TASK INSTRUCTIONS —
The required output is the exact run of lines below that opens at the line with "vidaXL 9-tlg. Garten-Sofagarnitur" and closes at the line with "Real venue comparison".

DATA TO PROCESS —

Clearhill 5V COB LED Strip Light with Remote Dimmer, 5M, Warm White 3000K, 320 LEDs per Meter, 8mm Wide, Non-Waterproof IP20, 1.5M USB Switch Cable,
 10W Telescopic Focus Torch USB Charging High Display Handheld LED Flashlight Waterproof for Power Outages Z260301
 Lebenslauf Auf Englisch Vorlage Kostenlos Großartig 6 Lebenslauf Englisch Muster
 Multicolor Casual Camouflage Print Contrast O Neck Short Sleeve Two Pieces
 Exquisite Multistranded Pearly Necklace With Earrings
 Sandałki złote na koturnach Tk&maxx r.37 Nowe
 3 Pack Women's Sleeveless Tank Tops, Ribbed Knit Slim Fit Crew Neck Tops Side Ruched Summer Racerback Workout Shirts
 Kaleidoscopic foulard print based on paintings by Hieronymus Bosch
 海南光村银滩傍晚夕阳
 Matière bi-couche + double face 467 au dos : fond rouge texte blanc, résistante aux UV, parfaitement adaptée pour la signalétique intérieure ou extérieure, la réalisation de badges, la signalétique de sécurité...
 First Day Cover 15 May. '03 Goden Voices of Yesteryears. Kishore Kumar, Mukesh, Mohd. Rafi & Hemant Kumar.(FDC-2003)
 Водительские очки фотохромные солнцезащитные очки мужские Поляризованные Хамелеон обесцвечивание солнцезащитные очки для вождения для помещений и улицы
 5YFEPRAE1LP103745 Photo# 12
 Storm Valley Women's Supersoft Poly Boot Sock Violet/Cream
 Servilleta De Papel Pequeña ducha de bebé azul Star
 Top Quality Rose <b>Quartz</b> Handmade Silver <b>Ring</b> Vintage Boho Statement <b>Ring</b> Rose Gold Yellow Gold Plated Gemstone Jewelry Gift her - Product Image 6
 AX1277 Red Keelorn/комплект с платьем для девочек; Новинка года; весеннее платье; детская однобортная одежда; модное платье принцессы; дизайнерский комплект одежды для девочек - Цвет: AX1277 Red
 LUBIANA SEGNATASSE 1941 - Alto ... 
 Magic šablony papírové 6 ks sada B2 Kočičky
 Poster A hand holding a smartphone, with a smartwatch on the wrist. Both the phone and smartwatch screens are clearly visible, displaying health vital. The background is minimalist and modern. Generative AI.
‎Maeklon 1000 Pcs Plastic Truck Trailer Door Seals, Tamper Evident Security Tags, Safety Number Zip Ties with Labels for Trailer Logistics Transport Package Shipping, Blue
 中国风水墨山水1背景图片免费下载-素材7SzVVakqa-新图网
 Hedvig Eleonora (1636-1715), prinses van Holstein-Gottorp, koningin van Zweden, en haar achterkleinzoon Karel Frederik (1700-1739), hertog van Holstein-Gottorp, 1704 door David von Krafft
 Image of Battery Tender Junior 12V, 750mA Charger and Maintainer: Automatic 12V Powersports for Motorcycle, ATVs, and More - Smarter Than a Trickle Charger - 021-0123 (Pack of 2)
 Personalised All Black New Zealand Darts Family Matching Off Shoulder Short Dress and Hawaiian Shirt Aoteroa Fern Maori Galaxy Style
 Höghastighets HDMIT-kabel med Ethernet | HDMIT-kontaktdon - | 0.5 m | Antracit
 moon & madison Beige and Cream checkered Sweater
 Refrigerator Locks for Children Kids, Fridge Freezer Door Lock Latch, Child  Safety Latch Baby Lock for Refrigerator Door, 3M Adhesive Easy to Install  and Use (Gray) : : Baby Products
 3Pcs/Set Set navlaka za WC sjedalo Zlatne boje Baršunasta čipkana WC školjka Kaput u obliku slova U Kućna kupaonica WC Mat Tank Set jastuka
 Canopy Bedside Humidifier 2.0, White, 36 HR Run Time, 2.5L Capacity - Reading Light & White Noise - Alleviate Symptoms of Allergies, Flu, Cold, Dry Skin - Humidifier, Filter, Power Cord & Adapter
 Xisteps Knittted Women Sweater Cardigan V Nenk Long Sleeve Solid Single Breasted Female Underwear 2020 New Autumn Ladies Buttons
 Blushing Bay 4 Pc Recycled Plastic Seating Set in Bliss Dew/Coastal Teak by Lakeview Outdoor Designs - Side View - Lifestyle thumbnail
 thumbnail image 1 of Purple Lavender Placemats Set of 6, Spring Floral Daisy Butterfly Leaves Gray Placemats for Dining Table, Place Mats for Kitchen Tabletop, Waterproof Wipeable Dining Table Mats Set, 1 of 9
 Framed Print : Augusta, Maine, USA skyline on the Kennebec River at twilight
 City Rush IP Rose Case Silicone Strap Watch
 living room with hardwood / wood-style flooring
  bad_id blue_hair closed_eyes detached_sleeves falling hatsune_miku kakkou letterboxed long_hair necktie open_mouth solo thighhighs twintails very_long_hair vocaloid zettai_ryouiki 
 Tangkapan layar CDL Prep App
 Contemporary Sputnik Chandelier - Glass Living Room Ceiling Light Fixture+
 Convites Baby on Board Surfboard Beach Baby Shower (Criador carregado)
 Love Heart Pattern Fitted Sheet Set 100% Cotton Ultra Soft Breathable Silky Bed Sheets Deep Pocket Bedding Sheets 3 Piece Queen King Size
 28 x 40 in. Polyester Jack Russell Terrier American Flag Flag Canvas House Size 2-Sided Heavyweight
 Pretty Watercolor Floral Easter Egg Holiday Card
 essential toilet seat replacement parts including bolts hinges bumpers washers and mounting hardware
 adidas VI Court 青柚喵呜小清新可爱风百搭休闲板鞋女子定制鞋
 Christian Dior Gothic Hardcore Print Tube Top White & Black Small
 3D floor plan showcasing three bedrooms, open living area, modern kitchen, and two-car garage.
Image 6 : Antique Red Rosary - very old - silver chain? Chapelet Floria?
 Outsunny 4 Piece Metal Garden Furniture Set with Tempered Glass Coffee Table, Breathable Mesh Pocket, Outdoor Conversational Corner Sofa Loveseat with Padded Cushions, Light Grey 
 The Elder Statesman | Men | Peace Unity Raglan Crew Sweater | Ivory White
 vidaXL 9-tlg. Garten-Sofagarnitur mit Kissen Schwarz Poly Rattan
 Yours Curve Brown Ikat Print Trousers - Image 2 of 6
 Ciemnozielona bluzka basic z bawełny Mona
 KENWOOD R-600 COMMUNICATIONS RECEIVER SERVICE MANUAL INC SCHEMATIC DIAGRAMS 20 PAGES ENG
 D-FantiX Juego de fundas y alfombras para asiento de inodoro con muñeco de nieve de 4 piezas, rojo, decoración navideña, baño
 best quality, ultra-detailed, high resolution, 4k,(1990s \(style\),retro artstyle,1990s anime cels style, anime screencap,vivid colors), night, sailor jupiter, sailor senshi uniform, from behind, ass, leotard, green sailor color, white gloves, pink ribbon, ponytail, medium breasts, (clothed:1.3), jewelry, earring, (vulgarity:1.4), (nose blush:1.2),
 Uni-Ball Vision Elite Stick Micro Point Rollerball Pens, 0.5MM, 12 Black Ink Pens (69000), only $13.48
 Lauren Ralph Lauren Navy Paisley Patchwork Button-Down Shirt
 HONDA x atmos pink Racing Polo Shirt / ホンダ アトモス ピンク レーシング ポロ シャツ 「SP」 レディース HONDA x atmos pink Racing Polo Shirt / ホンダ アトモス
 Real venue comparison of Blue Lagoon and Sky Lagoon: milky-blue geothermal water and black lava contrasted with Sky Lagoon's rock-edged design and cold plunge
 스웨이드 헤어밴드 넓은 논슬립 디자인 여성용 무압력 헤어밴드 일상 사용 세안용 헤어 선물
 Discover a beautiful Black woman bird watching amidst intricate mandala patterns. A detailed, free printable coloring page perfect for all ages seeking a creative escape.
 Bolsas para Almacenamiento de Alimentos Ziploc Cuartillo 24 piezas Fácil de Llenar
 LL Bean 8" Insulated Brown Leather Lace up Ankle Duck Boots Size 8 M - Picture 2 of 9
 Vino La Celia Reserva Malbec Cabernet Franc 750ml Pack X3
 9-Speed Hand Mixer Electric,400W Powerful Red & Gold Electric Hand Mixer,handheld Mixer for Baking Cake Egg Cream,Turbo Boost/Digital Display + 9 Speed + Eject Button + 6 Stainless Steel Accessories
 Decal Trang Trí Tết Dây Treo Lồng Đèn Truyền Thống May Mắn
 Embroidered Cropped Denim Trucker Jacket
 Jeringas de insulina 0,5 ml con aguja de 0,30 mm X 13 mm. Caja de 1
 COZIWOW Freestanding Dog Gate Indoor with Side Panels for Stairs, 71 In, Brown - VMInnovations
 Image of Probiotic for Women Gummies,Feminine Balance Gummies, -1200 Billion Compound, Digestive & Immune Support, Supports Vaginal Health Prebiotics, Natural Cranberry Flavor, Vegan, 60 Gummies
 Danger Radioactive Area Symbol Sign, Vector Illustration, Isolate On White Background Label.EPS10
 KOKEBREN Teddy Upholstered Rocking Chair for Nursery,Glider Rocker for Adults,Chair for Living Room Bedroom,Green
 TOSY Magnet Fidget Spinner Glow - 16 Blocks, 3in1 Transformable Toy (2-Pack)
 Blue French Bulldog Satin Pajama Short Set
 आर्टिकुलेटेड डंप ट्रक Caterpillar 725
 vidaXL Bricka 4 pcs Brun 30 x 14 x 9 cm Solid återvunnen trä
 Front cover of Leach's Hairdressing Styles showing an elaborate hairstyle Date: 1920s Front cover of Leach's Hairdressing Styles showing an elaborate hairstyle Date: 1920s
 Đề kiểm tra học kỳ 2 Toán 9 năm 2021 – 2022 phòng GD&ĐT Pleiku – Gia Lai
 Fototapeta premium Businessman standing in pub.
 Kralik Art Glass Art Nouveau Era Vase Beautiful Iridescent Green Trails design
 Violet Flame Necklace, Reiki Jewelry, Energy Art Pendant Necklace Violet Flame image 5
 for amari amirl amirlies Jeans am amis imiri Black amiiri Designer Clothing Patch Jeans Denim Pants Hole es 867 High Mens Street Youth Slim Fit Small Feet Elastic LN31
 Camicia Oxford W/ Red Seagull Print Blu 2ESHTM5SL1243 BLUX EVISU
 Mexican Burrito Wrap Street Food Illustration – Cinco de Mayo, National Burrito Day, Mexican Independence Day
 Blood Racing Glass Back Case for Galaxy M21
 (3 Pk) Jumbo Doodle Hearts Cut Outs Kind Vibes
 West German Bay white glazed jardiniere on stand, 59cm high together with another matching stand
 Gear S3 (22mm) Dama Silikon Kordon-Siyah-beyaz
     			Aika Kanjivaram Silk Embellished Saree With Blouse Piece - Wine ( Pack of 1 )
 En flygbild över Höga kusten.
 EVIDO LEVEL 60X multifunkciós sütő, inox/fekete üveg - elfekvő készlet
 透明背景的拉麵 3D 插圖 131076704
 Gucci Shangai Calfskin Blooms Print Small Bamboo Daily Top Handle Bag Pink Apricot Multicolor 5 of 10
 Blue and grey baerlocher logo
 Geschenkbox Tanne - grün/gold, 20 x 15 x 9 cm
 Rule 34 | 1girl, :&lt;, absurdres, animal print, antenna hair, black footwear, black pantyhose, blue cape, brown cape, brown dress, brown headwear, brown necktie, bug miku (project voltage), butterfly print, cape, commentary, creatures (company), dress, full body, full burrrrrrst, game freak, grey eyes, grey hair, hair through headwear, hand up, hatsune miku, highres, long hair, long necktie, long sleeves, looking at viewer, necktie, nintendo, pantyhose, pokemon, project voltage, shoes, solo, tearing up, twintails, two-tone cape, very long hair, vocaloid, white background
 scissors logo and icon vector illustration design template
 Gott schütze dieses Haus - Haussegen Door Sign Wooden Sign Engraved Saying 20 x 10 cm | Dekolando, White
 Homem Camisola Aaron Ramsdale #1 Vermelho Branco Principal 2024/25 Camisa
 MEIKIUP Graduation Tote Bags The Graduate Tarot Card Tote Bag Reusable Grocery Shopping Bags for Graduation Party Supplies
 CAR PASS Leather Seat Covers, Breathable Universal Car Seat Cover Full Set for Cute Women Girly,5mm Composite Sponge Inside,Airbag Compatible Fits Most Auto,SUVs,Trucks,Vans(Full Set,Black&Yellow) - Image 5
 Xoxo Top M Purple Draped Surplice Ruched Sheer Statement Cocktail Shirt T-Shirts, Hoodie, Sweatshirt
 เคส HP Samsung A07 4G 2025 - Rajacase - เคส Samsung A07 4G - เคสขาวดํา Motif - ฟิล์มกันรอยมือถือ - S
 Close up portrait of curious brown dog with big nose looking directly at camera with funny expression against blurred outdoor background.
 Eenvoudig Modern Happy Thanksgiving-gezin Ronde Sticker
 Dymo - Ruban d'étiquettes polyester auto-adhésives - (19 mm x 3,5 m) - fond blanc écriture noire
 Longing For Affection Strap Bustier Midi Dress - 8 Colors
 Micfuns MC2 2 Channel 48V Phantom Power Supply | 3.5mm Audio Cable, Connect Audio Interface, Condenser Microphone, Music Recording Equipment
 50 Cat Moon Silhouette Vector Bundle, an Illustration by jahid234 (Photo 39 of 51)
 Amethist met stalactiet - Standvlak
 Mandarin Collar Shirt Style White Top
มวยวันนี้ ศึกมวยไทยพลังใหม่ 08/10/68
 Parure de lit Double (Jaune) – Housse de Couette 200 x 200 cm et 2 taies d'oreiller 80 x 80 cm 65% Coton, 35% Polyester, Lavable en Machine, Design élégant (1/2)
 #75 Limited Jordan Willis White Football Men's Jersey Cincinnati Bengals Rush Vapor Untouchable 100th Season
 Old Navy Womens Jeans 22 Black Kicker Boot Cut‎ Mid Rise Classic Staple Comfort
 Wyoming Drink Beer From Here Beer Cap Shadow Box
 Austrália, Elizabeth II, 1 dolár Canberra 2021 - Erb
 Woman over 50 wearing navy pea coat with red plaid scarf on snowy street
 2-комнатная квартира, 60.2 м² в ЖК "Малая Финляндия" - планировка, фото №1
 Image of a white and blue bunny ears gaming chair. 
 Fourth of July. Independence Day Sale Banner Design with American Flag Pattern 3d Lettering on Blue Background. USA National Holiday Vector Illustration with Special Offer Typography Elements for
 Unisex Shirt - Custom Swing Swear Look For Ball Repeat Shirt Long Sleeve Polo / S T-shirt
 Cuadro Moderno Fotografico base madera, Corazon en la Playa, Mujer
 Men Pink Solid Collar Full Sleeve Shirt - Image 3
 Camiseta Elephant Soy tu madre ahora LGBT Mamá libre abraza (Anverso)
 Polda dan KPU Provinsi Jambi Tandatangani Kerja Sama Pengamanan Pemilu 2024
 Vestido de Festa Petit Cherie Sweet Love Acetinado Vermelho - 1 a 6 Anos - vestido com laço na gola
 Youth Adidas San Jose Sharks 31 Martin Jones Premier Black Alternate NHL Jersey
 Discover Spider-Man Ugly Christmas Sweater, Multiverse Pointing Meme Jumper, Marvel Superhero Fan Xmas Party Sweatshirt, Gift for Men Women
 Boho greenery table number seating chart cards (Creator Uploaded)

TASK RESULT —
 vidaXL 9-tlg. Garten-Sofagarnitur mit Kissen Schwarz Poly Rattan
 Yours Curve Brown Ikat Print Trousers - Image 2 of 6
 Ciemnozielona bluzka basic z bawełny Mona
 KENWOOD R-600 COMMUNICATIONS RECEIVER SERVICE MANUAL INC SCHEMATIC DIAGRAMS 20 PAGES ENG
 D-FantiX Juego de fundas y alfombras para asiento de inodoro con muñeco de nieve de 4 piezas, rojo, decoración navideña, baño
 best quality, ultra-detailed, high resolution, 4k,(1990s \(style\),retro artstyle,1990s anime cels style, anime screencap,vivid colors), night, sailor jupiter, sailor senshi uniform, from behind, ass, leotard, green sailor color, white gloves, pink ribbon, ponytail, medium breasts, (clothed:1.3), jewelry, earring, (vulgarity:1.4), (nose blush:1.2),
 Uni-Ball Vision Elite Stick Micro Point Rollerball Pens, 0.5MM, 12 Black Ink Pens (69000), only $13.48
 Lauren Ralph Lauren Navy Paisley Patchwork Button-Down Shirt
 HONDA x atmos pink Racing Polo Shirt / ホンダ アトモス ピンク レーシング ポロ シャツ 「SP」 レディース HONDA x atmos pink Racing Polo Shirt / ホンダ アトモス
 Real venue comparison of Blue Lagoon and Sky Lagoon: milky-blue geothermal water and black lava contrasted with Sky Lagoon's rock-edged design and cold plunge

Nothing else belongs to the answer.